-- Work instructions --
Below are the records; extract from them the line containing "Young attractive Asian" to the line containing "Barnum Woods fourth-grader", both lines included, exactly and with no pictures.

-- Listed entries --
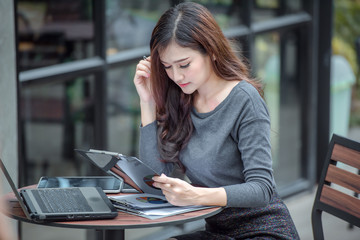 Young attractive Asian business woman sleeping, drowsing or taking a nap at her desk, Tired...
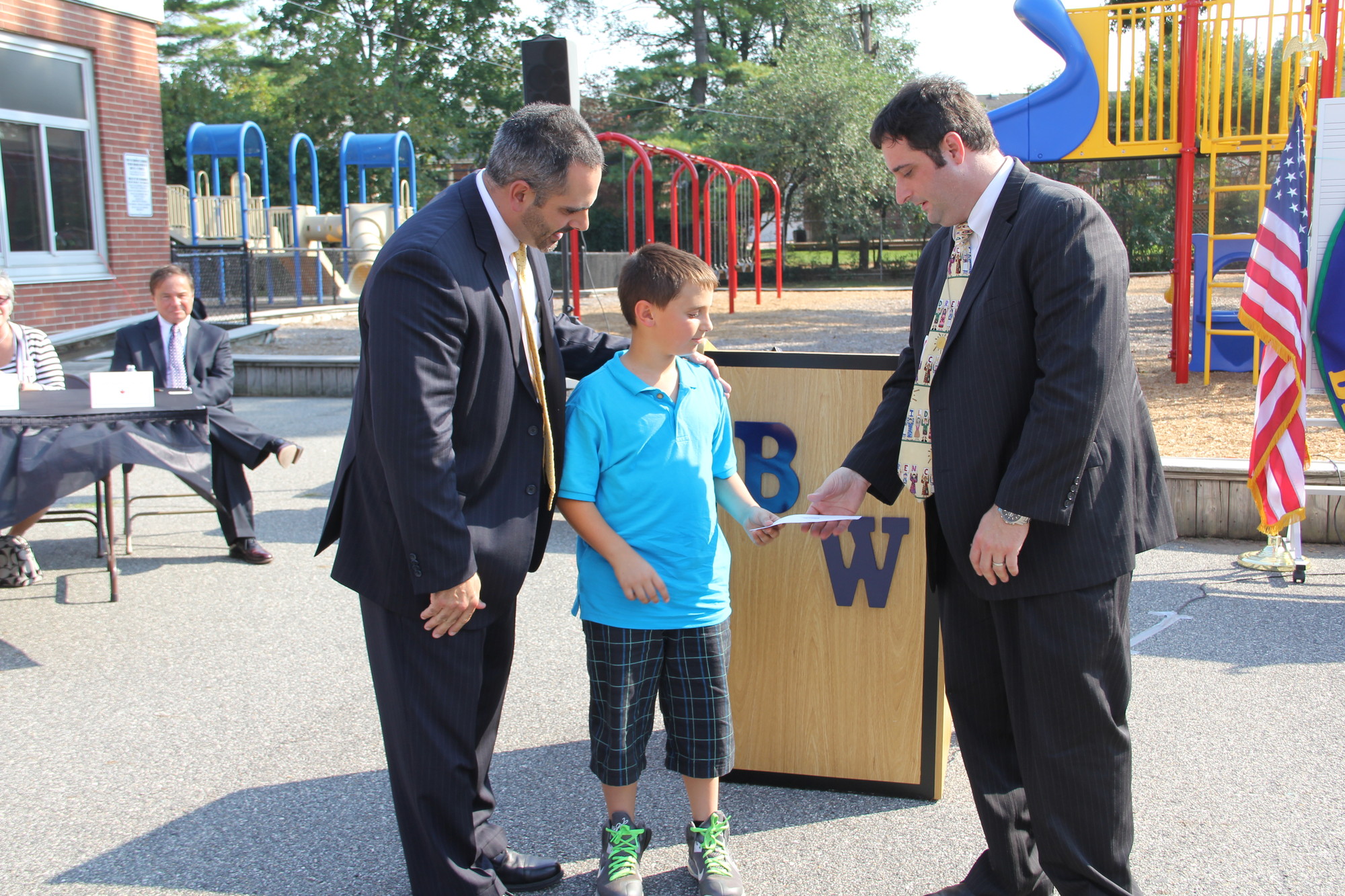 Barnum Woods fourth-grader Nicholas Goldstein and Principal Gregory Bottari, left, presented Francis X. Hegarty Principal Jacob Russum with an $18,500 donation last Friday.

---

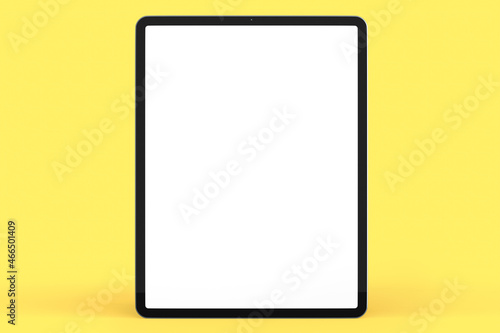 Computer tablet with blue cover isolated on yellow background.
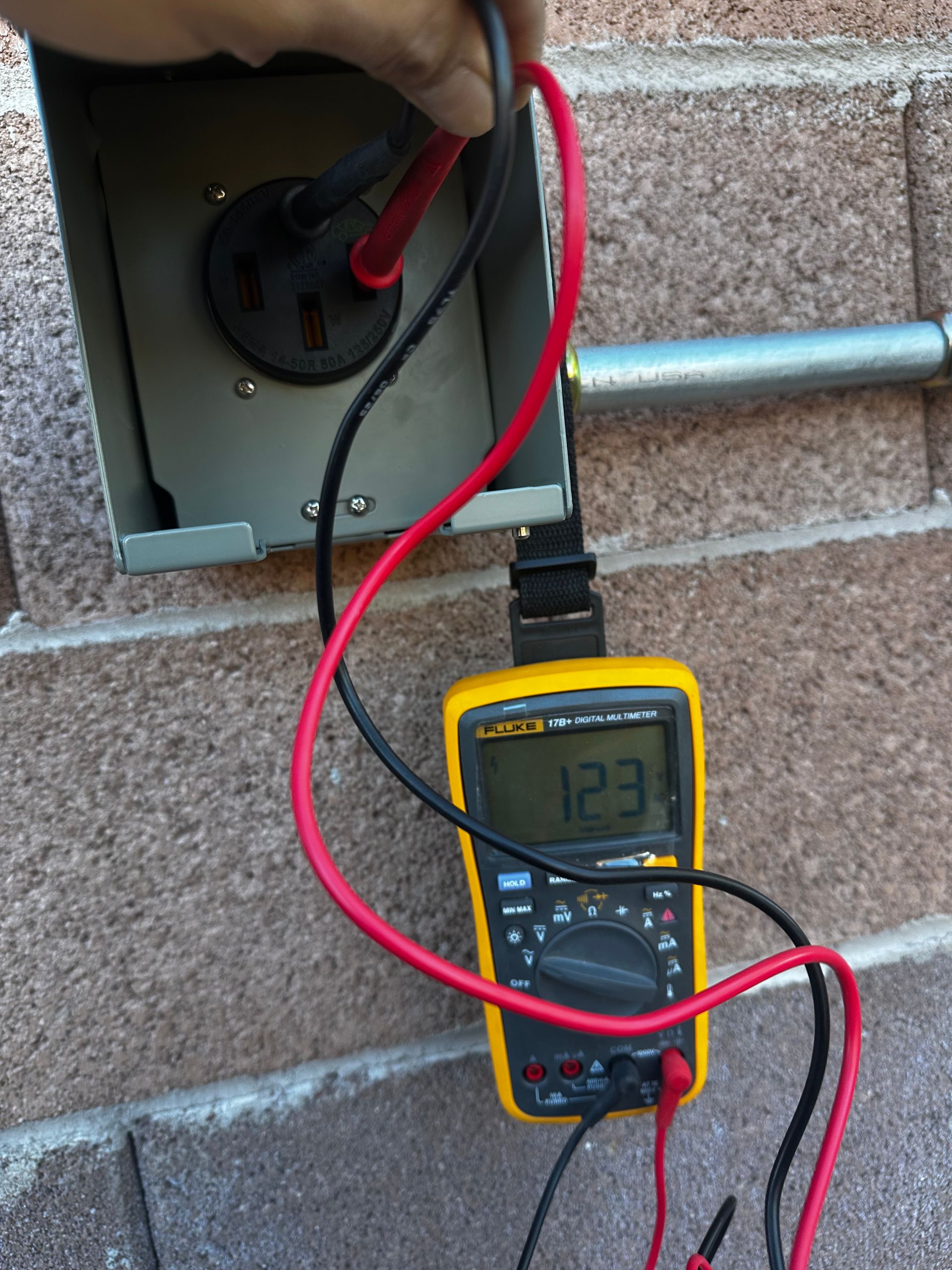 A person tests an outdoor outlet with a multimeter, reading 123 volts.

-- Response box --
 Young attractive Asian business woman sleeping, drowsing or taking a nap at her desk, Tired...
 Barnum Woods fourth-grader Nicholas Goldstein and Principal Gregory Bottari, left, presented Francis X. Hegarty Principal Jacob Russum with an $18,500 donation last Friday.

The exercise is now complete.